Detecting gray failures with outlier detection in Amazon CloudWatch Contributor Insights

You may have encountered a situation in the past where a single user or small subset of users of your system are reporting an event that is impacting their experience, but your observability systems didn’t show any clear impact. The discrepancy between the customer’s experience and the system’s observation of its health is referred to as differential observability. In other words, different perspectives observe failures differently, and these are gray failures. Gray failures are normal failures that are undetected by the system where they’re occurring, even though the customer experience is impacted. Gray failures can originate from both your workload as well as the dependencies it relies upon.
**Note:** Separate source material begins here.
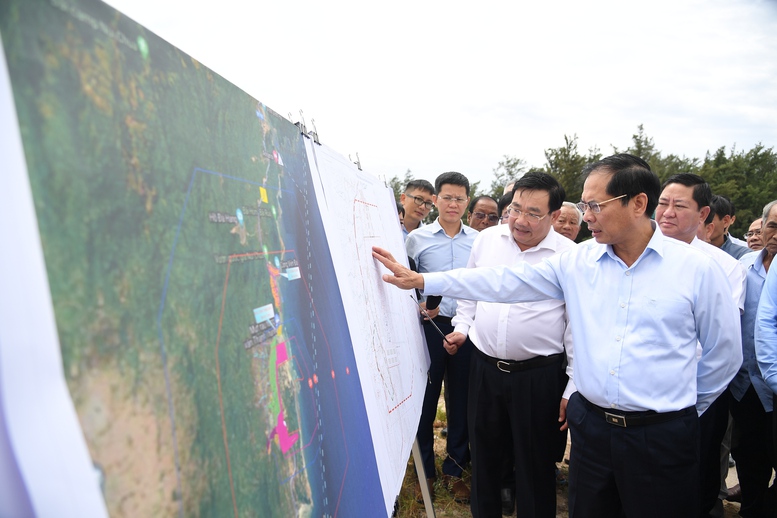 Phó Thủ tướng Bùi Thanh Sơn làm việc với tỉnh Khánh Hòa về các nhà máy điện hạt nhân- Ảnh 1.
Accurately responding to and mitigating gray failures in a timely manner requires turning them into detected failures. This post will help you build an observability strategy to turn gray failures into detected failures using outlier detection. Outlier detection is a process of detecting data points that are far away from the mean or median values in a system.
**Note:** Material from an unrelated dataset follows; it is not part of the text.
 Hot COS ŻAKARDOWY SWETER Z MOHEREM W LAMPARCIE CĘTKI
Amazon CloudWatch Contributor Insights is a service that will help detect outliers in your workloads. You can use Contributor Insights to analyze log data and create time series representations to display contributor data. You can use this technique to find hosts and Availability Zones (AZ) that are experiencing a much higher error rate than others, indicating they may be experiencing a gray failure.

In this blog post, you will learn how to use CloudWatch Contributor Insights to perform outlier detection. This approach will help you locate the source of gray failures that might otherwise go undetected using only standard availability or latency metrics. By comparing errors rates or latency across hosts and AZs, you’ll be able to turn gray failures into detected failures that you can respond to.
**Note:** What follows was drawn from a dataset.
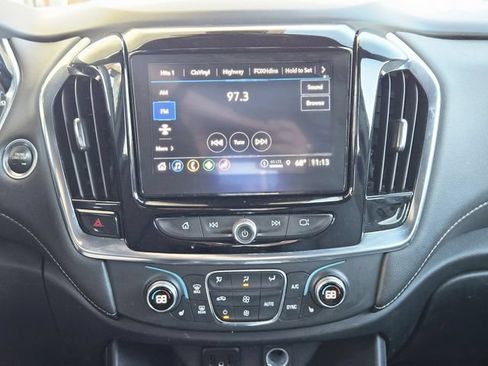 Used 2023 Chevrolet Traverse LT FWD image 22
Why gray failures manifest as outliers
Imagine an Amazon Elastic Compute Cloud (Amazon EC2) server fleet with 50 instances spread across multiple AZs in an Auto Scaling group behind an Amazon Elastic Load Balancer (ELB) shown in the following figure. One of the instances experiences a degradation in its Amazon Elastic Block Store (EBS) volume which makes it unable to successfully process customer requests. This impairment doesn’t impact its ability to respond to the load balancer’s health checks and it appears healthy to the load balancer as well as to the EC2 status checks. The instance impairment causes a 2% error rate across the fleet, resulting in an overall 98% availability. In this example, customers are being impacted, but there’s no alarm to alert operators that a single instance is the source of this availability drop and therefore no automated actions are taken to mitigate the problem.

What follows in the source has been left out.